| Stored data |
▬▬▬▬▬▬
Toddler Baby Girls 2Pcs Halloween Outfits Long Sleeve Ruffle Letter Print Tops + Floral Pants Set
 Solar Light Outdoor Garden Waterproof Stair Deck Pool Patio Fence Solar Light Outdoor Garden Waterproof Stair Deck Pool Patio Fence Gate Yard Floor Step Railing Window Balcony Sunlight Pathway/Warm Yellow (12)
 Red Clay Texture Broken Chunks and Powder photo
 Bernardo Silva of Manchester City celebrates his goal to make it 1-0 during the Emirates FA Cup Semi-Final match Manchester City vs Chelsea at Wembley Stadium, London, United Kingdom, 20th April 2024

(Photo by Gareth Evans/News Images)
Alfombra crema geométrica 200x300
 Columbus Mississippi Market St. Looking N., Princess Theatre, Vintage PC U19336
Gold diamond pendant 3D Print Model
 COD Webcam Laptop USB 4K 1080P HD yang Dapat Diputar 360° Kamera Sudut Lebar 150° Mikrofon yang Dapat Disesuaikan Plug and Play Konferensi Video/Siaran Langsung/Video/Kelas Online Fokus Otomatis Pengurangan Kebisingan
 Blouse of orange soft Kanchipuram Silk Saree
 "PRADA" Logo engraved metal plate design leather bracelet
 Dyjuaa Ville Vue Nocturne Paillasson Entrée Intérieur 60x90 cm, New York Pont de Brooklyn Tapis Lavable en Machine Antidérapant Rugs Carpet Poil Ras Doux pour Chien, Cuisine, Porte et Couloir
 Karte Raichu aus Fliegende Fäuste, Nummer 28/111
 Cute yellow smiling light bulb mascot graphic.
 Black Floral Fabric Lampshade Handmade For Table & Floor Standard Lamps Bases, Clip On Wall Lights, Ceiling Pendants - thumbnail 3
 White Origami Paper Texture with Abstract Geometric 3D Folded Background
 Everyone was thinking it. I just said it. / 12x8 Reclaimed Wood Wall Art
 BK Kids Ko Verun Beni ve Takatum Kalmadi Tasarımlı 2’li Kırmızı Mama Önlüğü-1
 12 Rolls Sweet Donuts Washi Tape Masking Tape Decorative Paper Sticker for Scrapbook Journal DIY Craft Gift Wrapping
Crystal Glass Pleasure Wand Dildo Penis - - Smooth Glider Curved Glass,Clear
▬▬▬▬▬▬
| Exercise objective |
Copy every record once more, exactly as given.

| The answer |
Toddler Baby Girls 2Pcs Halloween Outfits Long Sleeve Ruffle Letter Print Tops + Floral Pants Set
 Solar Light Outdoor Garden Waterproof Stair Deck Pool Patio Fence Solar Light Outdoor Garden Waterproof Stair Deck Pool Patio Fence Gate Yard Floor Step Railing Window Balcony Sunlight Pathway/Warm Yellow (12)
 Red Clay Texture Broken Chunks and Powder photo
 Bernardo Silva of Manchester City celebrates his goal to make it 1-0 during the Emirates FA Cup Semi-Final match Manchester City vs Chelsea at Wembley Stadium, London, United Kingdom, 20th April 2024

(Photo by Gareth Evans/News Images)
Alfombra crema geométrica 200x300
 Columbus Mississippi Market St. Looking N., Princess Theatre, Vintage PC U19336
Gold diamond pendant 3D Print Model
 COD Webcam Laptop USB 4K 1080P HD yang Dapat Diputar 360° Kamera Sudut Lebar 150° Mikrofon yang Dapat Disesuaikan Plug and Play Konferensi Video/Siaran Langsung/Video/Kelas Online Fokus Otomatis Pengurangan Kebisingan
 Blouse of orange soft Kanchipuram Silk Saree
 "PRADA" Logo engraved metal plate design leather bracelet
 Dyjuaa Ville Vue Nocturne Paillasson Entrée Intérieur 60x90 cm, New York Pont de Brooklyn Tapis Lavable en Machine Antidérapant Rugs Carpet Poil Ras Doux pour Chien, Cuisine, Porte et Couloir
 Karte Raichu aus Fliegende Fäuste, Nummer 28/111
 Cute yellow smiling light bulb mascot graphic.
 Black Floral Fabric Lampshade Handmade For Table & Floor Standard Lamps Bases, Clip On Wall Lights, Ceiling Pendants - thumbnail 3
 White Origami Paper Texture with Abstract Geometric 3D Folded Background
 Everyone was thinking it. I just said it. / 12x8 Reclaimed Wood Wall Art
 BK Kids Ko Verun Beni ve Takatum Kalmadi Tasarımlı 2’li Kırmızı Mama Önlüğü-1
 12 Rolls Sweet Donuts Washi Tape Masking Tape Decorative Paper Sticker for Scrapbook Journal DIY Craft Gift Wrapping
Crystal Glass Pleasure Wand Dildo Penis - - Smooth Glider Curved Glass,Clear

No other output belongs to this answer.